Performance issues in SQL query with a hierarchical relationship - sql

I have an Oracle table that represents parent-child relationships, and I want to improve the performance of a query that searches the hierarchy for an ancestor record. I'm testing with the small data set here, though the real table is much larger:
id name parent_id tagged
== ==== ========= ======
1 One null null
2 Two 1 1
3 Three 2 null
4 Four 3 null
5 Five null null
6 Six 5 1
7 Seven 6 null
8 Eight null null
9 Nine 8 null
parent_id refers back to id in this same table in a foreign key relationship.
I want to write a query that returns each leaf record (those records that have no descendants... id 4 and id 7 in this example) which has an ancestor record that has tagged = 1 (walking back through the parent_id relationship).
So, for the above source data, I want my query to return:
id name tagged_ancestor_id
== ==== ==================
4 Four 2
7 Seven 6
My current query to retrieve these records is:
select * from (
select id,
name,
connect_by_root id tagged_ancestor_id
from mytree
connect by prior id = parent_id
start with tagged is not null
) m1
where not exists (
select * from mytree m2 where m2.parent_id = m1.id
)
This query works fine on this simple little example table, but its performance is terrible on my real table which has about 11,000,000 records.
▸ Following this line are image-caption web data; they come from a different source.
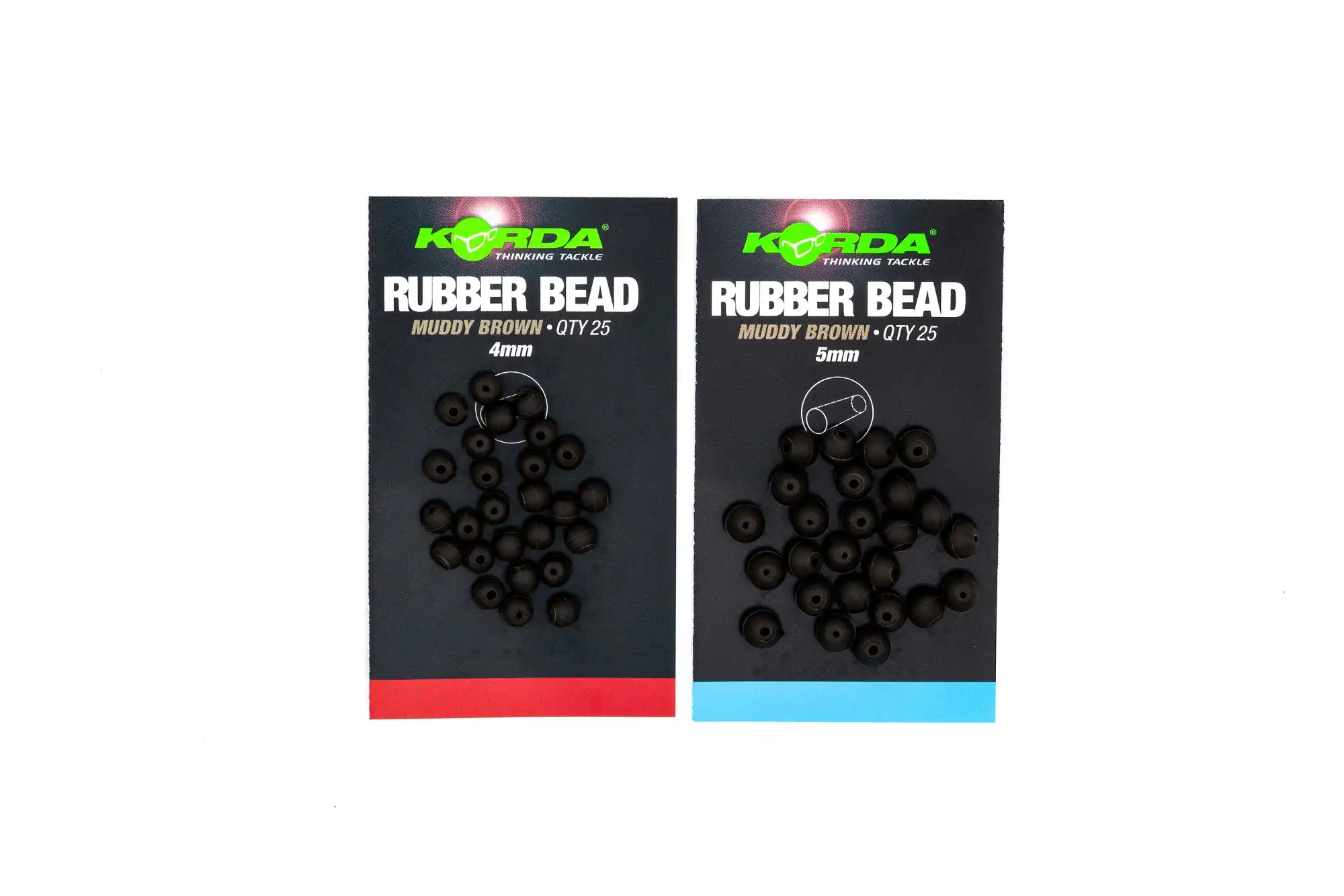 Korda Rubber Bead 5mm Brown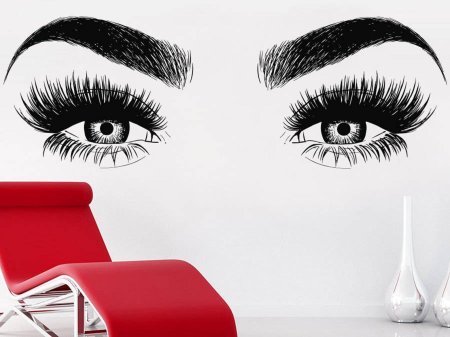 Макет для рекламы ресниц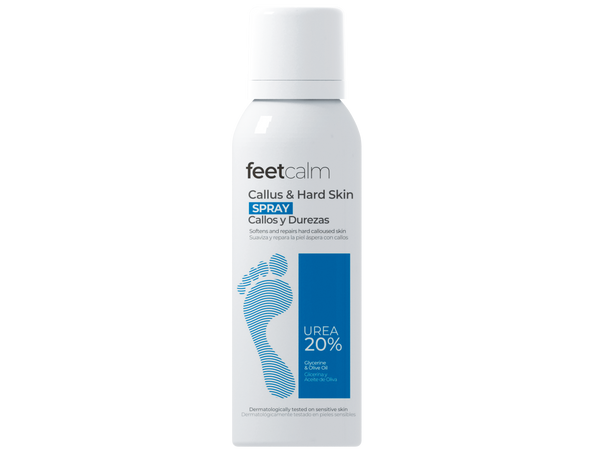 Feetcalm Callus & Hard Skin Spray 20% Urea. Trade Pack of 2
The query takes over a minute to run.
There are indexes on both fields in the connect by clause.
The "tagged" field in the start with clause also has an index on it, and there are about 1,500,000 records in my table with non-null values in this field.
The where clause doesn't seem to be the problem, because when modify it to return a specific name (also indexed) with where name = 'somename' instead of where not exists ..., the query still takes about the same amount of time.
So, what are some strategies I can use to try to make these types queries on this hierarchy run faster?

Here is what I would check first:
Make sure your table has a primary key.
Make sure the statistics on the table are current. Use DBMS_STATS.GATHER_TABLE_STATS to collect the statistics. See this URL: (for ORACLE version 11.1):
http://docs.oracle.com/cd/B28359_01/appdev.111/b28419/d_stats.htm
Even if you have indexes on both fields individually, you still need
an index on the 2 fields combined; Create an index on the ID and PARENT_ID:
CREATE INDEX on TABLE_NAME(ID, PARENT_ID);
See this URL:
Optimizing Oracle CONNECT BY when used with WHERE clause
Make sure the underlying table does not have row chaining or other problems (E.G. corruption).
Make sure the table and all indexes are in the same tablespace.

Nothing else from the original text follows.